Scott Strickland spent his childhood on the water with his grandfather, looking back toward a craggy shore built up with colourful homes and fishing stages in Channel-Port aux Basques, N.L. Laundry flapped in the wind. Porch lights glowed in the fog.

But now, eight months after post-tropical storm Fiona slammed into the historic fishing community founded in the late 19th century, the area of town where Mr. Strickland used to live with his wife, Andrea, is just a chunk of barren rock.

“Everything is totally dark downtown, right on the coastline,” said the 52-year-old real estate agent. “It’s just this very eerie feeling, especially if you grew up in that area and go and travel down these coastal streets. Everything is gone.”

More than $37-million in government money has flowed in recently to the hundreds of residents of the southwestern Newfoundland town who lost their homes in last September’s epic storm. Now the decision to stay and rebuild or leave is on the minds of many. Inflation has driven up the cost of building new homes. A lingering nervousness erupts whenever the weather turns. And it’s all shrouded in a wistfulness for a bygone way of life.

“You want to go back to the way it was, but you know it’s not going to happen,” said Mr. Strickland, who has been living with his wife at their cottage in the woods, a one-bedroom prefab bungalow about a 20-minute drive from the town. For the first time in his life, he no longer hears the moan of the foghorn or breathes the salty air. “It’s the end of an era.”
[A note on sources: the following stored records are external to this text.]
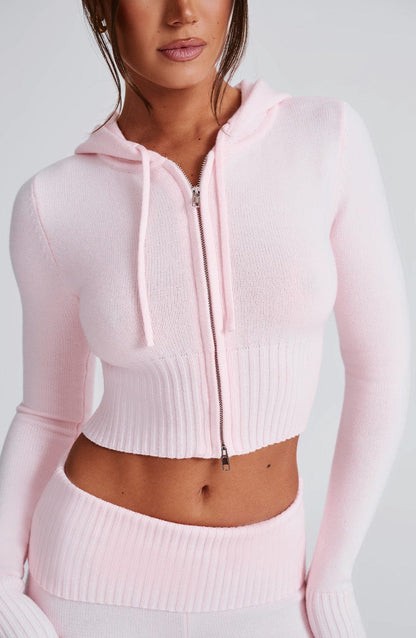 Sudadera rosa de punto acanalado con capucha, cremallera frontal y cordones en la capucha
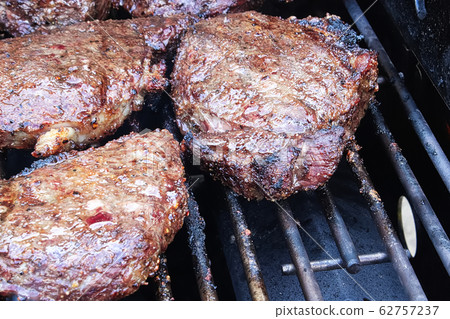 Closeup of BBQ steaks cooking on a grill Closeup of BBQ steaks cooking on a grill 62757237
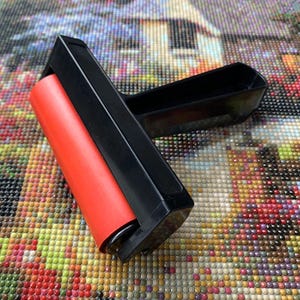 May include: A craft roller tool featuring a smooth, cylindrical red rubber barrel attached to a black plastic frame and handle. The tool is designed for applying pressure to flat surfaces, with a sturdy construction and a T-shaped ergonomic grip.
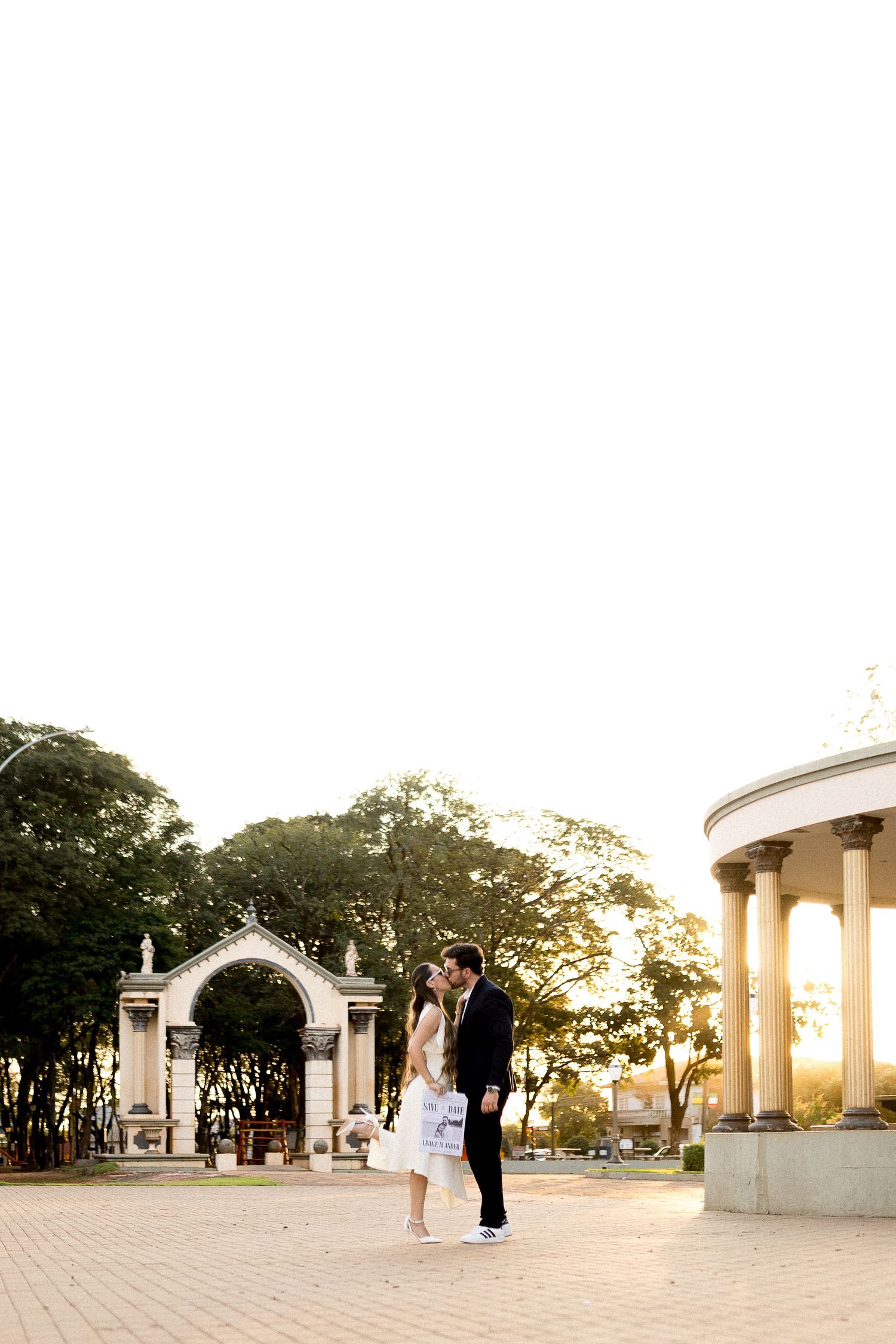 Couple sharing a romantic moment in a sunlit plaza with classical arch and colonnade architecture surrounded by trees.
The costliest storm in Atlantic Canadian history washed away about 20 homes in the town, leaving behind rubble and debris, houses missing walls and roofs. Like more than 100 others in the town, the Stricklands’ home was condemned, lost to a monstrous storm surge that left seaweed strewn in their second-storey bedroom.

Their home, part of it more than a century old, overlooked Channel Head Island, where Mr. Strickland’s grandfather and great-grandfather worked as lighthouse keepers in the light tower, built in 1875. As a child he picked blueberries and beach peas on the island. Now it’s a mound of bare rock, scoured of its sod. The government wharf, the town’s de facto town square, is gone. So is the boardwalk. And to some, the warm feeling of home.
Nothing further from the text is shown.